19 To dispose of the objection raised by the respondents I must first establish, based on the applicable legislation, who the employer is in this case. Subsection 2(1) of the Act defines “employer” as follows:

“employer” means Her Majesty in right of Canada as represented by

(a) the Treasury Board, in the case of a department named in Schedule I to the Financial Administration Act or another portion of the federal public administration named in Schedule IV to that Act; and

(b) the separate agency, in the case of a portion of the federal public administration named in Schedule V to the Financial Administration Act.

20 The Canadian Food Inspection Agency Act, S.C. 1997, c. 6 (CFIAA), under the part dealing with human resources, states the following at subsection 13(2):

13. (2) The President may set the terms and conditions of employment for employees of the Agency and assign duties to them.

21 The FAA, at paragraphs 7(1)(e) and 11.1(1)(c), establishes the Treasury Board’s powers relating to human resources management. Paragraph 11.1(2)(a) sets out the limits of those powers. Those provisions read as follows:

      7. (1) The Treasury Board may act for the Queen’s Privy Council for Canada on all matters relating to

(e) human resources management in the federal public administration, including the determination of the terms and conditions of employment of persons employed in it;

      11.1 (1) In the exercise of its human resources management responsibilities under paragraph 7(1)(e), the Treasury Board may

(c) determine and regulate the pay to which persons employed in the public service are entitled for services rendered, the hours of work and leave of those persons and any related matters;

      (2) The powers of the Treasury Board in relation to any of the matters specified in subsection (1)

(a) do not extend to any matter that is expressly determined, fixed, provided for, regulated or established by any Act otherwise than by the conferring of powers in relation to those matters on any authority or person specified in that Act;

22 These statutory provisions leave no doubt that, in this case, the Treasury Board is not the employer.

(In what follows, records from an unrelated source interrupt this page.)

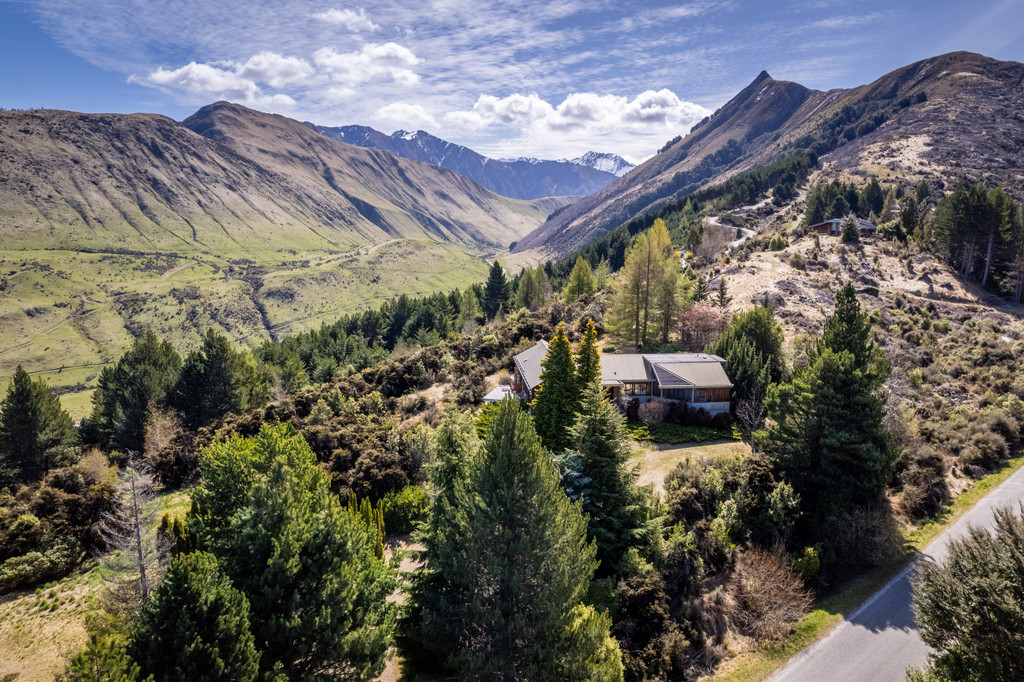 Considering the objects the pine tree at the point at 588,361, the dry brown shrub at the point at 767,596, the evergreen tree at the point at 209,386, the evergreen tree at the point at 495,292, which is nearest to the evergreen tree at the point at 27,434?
the evergreen tree at the point at 209,386

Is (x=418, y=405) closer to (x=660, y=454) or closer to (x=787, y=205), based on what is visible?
(x=660, y=454)

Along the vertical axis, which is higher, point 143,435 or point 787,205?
point 787,205

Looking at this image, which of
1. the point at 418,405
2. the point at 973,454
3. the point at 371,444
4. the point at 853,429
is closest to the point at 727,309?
the point at 973,454

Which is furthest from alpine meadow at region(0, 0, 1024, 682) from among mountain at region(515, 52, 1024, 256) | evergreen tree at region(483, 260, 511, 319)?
mountain at region(515, 52, 1024, 256)

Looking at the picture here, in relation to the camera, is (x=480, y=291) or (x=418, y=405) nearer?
(x=418, y=405)

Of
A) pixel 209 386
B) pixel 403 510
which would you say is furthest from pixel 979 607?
pixel 209 386

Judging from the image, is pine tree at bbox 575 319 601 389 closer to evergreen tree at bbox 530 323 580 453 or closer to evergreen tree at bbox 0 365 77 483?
evergreen tree at bbox 530 323 580 453

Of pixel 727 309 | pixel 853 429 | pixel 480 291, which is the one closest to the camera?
pixel 853 429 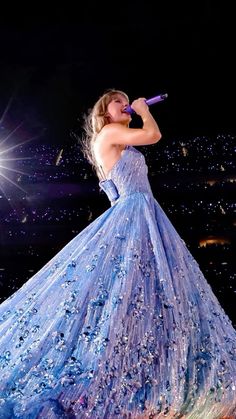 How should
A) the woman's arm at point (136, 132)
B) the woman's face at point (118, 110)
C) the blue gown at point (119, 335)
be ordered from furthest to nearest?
1. the woman's face at point (118, 110)
2. the woman's arm at point (136, 132)
3. the blue gown at point (119, 335)

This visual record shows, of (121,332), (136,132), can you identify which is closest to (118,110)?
(136,132)

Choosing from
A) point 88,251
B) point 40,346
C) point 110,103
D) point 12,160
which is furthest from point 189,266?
point 12,160

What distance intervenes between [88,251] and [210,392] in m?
0.67

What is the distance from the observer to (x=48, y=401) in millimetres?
1238

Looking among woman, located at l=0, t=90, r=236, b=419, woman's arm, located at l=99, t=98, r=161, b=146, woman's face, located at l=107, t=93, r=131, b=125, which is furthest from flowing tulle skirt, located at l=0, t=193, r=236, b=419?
woman's face, located at l=107, t=93, r=131, b=125

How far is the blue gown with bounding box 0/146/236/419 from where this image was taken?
1.28 metres

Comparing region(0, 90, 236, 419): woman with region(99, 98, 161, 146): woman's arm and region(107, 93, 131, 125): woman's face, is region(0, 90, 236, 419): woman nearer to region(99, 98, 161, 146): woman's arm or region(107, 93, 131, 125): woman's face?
region(99, 98, 161, 146): woman's arm

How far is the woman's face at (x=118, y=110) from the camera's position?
2004 millimetres

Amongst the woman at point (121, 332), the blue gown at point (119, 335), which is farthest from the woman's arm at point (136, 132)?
the blue gown at point (119, 335)

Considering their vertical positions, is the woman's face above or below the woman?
above

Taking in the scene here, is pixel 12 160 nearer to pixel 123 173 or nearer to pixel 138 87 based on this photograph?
pixel 138 87

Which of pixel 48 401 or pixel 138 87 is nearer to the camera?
pixel 48 401

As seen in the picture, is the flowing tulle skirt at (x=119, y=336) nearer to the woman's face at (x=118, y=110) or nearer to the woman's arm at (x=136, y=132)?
the woman's arm at (x=136, y=132)

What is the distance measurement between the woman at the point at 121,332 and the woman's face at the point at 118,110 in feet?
0.53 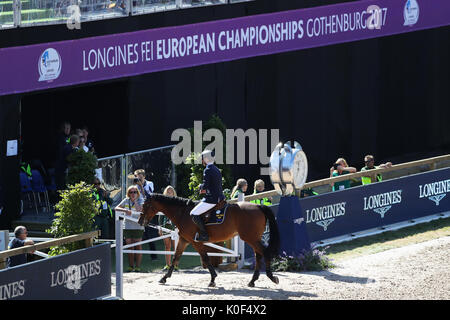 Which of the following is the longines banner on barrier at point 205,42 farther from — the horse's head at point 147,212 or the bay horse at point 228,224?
the bay horse at point 228,224

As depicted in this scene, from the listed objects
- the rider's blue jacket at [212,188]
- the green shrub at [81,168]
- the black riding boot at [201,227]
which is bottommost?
the black riding boot at [201,227]

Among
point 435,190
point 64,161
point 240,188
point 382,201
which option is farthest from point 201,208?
point 435,190

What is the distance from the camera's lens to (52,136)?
75.4 ft

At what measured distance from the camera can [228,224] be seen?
17.2 m

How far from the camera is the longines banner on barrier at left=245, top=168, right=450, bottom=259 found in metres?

The CFIA is a separate employer named in Schedule V to the FAA. Subsection 13(2) of the CFIAA confirms that the CFIA is the employer. Finally, subsections 11.1(1) and (2) of the FAA limit the Treasury Board’s powers such that it cannot exercise the powers of an employer in such cases.

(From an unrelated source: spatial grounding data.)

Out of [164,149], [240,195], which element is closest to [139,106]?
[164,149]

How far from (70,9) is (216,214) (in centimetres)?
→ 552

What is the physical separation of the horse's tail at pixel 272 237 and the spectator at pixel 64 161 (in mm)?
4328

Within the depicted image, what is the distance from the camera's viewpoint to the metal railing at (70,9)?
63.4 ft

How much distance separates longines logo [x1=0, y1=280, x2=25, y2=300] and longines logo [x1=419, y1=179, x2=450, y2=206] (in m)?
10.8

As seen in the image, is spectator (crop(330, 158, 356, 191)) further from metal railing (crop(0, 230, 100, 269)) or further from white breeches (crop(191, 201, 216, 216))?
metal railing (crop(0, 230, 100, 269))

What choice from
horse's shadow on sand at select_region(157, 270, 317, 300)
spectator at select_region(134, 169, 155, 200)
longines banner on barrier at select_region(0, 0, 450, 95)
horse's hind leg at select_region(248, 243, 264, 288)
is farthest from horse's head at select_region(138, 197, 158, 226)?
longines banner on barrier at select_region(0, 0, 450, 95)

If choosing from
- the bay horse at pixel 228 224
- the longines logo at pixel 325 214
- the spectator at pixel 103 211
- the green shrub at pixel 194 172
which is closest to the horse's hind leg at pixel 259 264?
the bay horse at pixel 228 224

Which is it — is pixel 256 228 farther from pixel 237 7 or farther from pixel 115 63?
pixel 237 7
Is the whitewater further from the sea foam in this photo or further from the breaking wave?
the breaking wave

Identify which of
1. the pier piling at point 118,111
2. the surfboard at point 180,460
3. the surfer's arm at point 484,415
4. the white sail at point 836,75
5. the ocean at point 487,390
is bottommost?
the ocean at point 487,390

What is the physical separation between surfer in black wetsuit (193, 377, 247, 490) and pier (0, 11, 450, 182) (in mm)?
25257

23 Although the complainant’s arguments are especially interesting, the Board cannot hear a complaint naming a third party, in this case the Treasury Board. I therefore allow the respondents’ first objection and remove the Treasury Board as a respondent.

24 The labour relations scheme for separate employers named in Schedule V to the FAA thus applies. Bargaining agents duly certified by the Board negotiate with employers who cannot make decisions about wage offers by themselves. The employers must first obtain authorization from the Treasury Board. However, the Treasury Board is not a party to the collective bargaining process under the Act. In practice, the bargaining agent is therefore, in a sense, reduced to negotiating an increase in total salary with a “third party” who, under the Act, is the employer, while the real decision maker is not present at the bargaining table.

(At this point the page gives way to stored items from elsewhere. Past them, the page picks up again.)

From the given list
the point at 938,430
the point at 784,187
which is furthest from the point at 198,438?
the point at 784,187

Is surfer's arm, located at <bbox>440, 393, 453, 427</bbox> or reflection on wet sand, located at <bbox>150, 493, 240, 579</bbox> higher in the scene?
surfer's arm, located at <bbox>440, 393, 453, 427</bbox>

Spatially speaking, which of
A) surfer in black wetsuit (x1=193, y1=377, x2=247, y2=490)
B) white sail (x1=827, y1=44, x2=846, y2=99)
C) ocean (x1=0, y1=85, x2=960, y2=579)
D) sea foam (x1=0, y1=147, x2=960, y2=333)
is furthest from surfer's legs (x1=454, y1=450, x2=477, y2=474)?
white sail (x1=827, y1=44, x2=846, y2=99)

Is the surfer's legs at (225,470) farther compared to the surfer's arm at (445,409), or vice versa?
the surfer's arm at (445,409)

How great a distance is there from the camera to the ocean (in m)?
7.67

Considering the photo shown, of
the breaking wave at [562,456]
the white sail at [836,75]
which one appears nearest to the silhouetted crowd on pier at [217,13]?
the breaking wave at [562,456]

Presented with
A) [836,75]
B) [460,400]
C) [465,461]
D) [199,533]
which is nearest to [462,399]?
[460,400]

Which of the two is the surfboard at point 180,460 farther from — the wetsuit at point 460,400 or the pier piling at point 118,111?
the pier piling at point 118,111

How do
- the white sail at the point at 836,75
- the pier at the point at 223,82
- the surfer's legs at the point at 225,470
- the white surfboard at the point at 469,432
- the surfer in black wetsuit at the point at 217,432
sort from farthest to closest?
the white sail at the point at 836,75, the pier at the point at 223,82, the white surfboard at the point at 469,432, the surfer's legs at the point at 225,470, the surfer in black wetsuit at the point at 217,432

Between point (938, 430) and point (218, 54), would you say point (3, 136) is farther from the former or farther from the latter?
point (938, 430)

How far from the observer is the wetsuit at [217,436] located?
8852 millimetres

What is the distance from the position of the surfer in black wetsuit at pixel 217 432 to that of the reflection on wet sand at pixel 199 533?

25 This is a special labour relations scheme, to say the least. It is not within my authority to question the effectiveness of such a scheme; rather, I am responsible for ensuring adherence to its legal framework. According to that framework, in this case, there is no doubt that the CFIA is the employer. For the remainder of this decision, I will therefore use the term “respondent” to refer to the CFIA.

IV. Second objection

A. Summary of the arguments

26 The respondent notes that sections 135 to 159 of Division 9 of the Act concern the arbitration of disputes resulting from collective bargaining. Section 135 sets out the application of the Division. According to paragraph 135(b), the provisions under Division 9 of the Act apply only where the parties have bargained in good faith with a view to entering into a collective agreement.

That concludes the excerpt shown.